Aspirational Demo: Mirae Kim Explores the Insect-y Side of Human Nature
This month we’re looking at images whose unexpected angles, balance, and juxtapositions unsettle us, so we couldn’t resist talking to graphic designer Mirae Kim about her truly intriguing, definitely disturbing composition, “Flattering People.”
Going inside the creative process.
When she started working on the piece, Mirae knew she wanted to convey a complex idea—that people sometimes behave badly, not because they are inherently bad, but because they have to. “I wanted to express the struggle of people to survive in a difficult society,” she added. To give visual life to her concept, she meshed human images with aspects of parasitic insects, combining and distorting stock photos to create the right mood.

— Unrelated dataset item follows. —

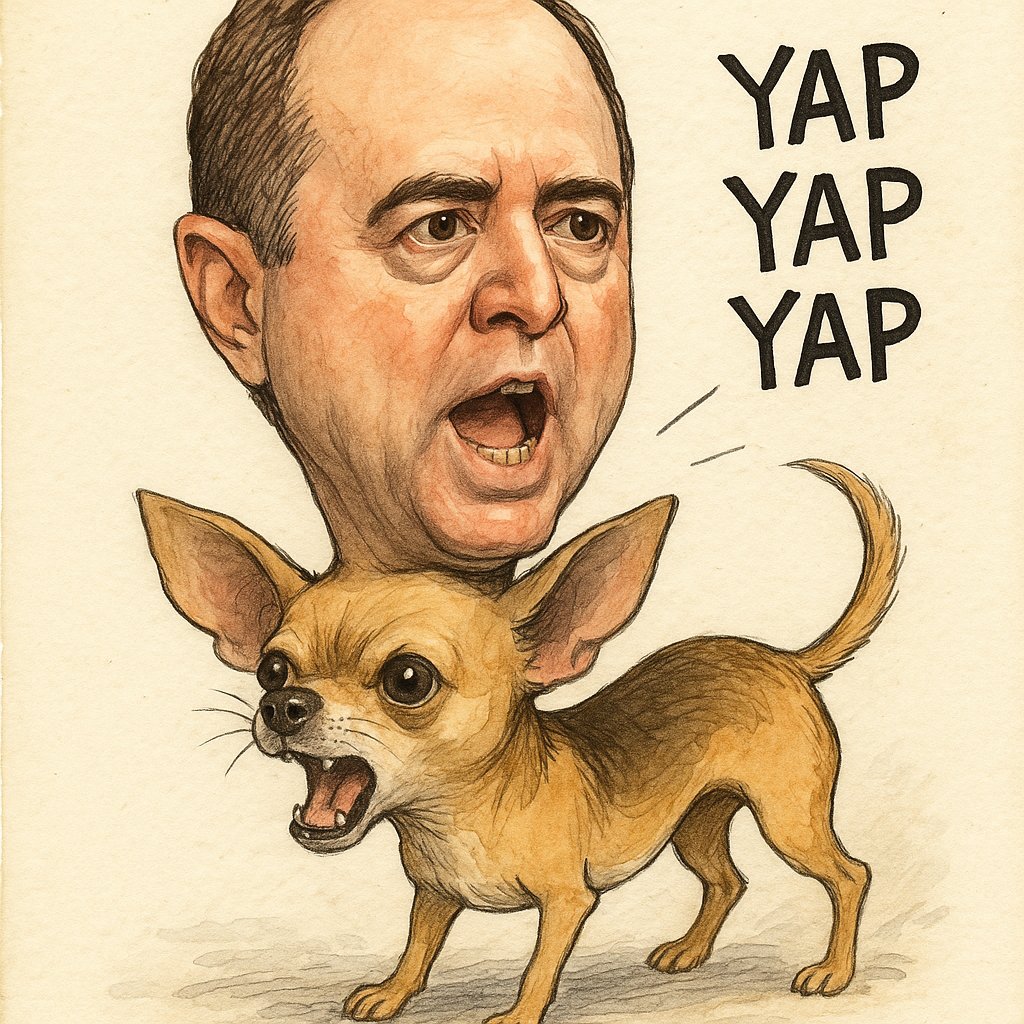 TheRicherPoor's tweet image. It's time for a new and more authentic @DNC like @AOC   

These performative boomers are so played. #tonedef #playedout #overplayed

Mirae first designed a model to express her concept. Then she used filter-distort in Photoshop to modify her creation, and developed the mixing patterns through polar coordinates. Finally, she used the opacity feature to overlap multiple layers. Combined, the effects create an unsettlingly surreal human-insect hybrid—an incarnation of the conflicting qualities of our human nature.
One element of the composition didn’t turn out like Mirae planned. She originally envisioned a pink palette—the signature colors in so many of her more lighthearted compositions. But the color scheme didn’t match the mood, so she adjusted with hue/saturation to bring in cooler blue tones.
Finding inspiration and raw materials in stock.
Starting with a whole stock collection as your inspiration can be overwhelming. Mirae found her starting place by searching Adobe stock for worms and human teeth. Once she honed in on a few good images, she used one of her go-to search strategies, the find similar items feature. She told us that, while the early searches for a composition can be time consuming, searching similar items saves a lot of time in the end.
Mirae also stressed how important the stock search is for inspiration. “Imaginative images are born in many real images,” she explained.